» Task requirements: Filter the entries that follow, copying every line in which the word "FluxData" appears.

» Data provided:

────────────────────

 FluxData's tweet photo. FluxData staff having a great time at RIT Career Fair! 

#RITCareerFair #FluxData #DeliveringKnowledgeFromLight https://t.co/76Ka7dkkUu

────────────────────

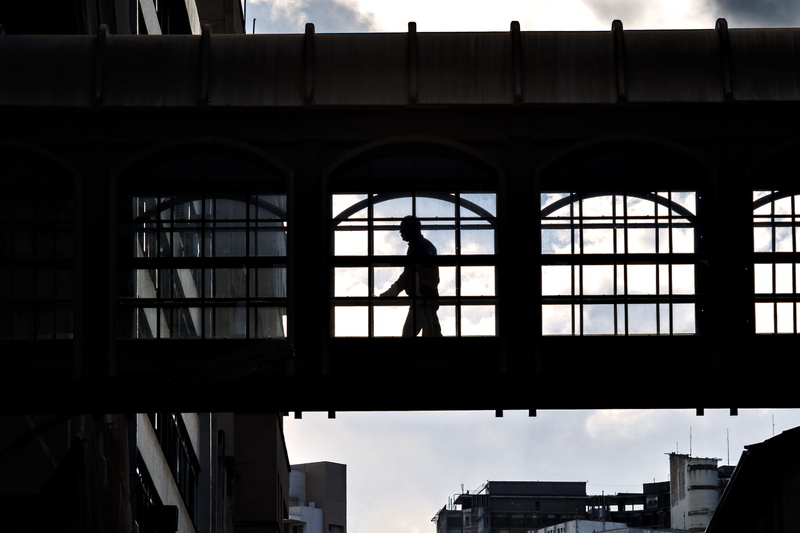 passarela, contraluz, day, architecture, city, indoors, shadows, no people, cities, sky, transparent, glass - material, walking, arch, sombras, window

────────────────────

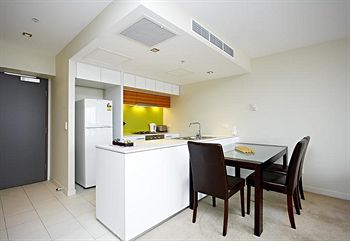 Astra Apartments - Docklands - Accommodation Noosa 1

────────────────────

» Task response:
 FluxData's tweet photo. FluxData staff having a great time at RIT Career Fair! 
#RITCareerFair #FluxData #DeliveringKnowledgeFromLight https://t.co/76Ka7dkkUu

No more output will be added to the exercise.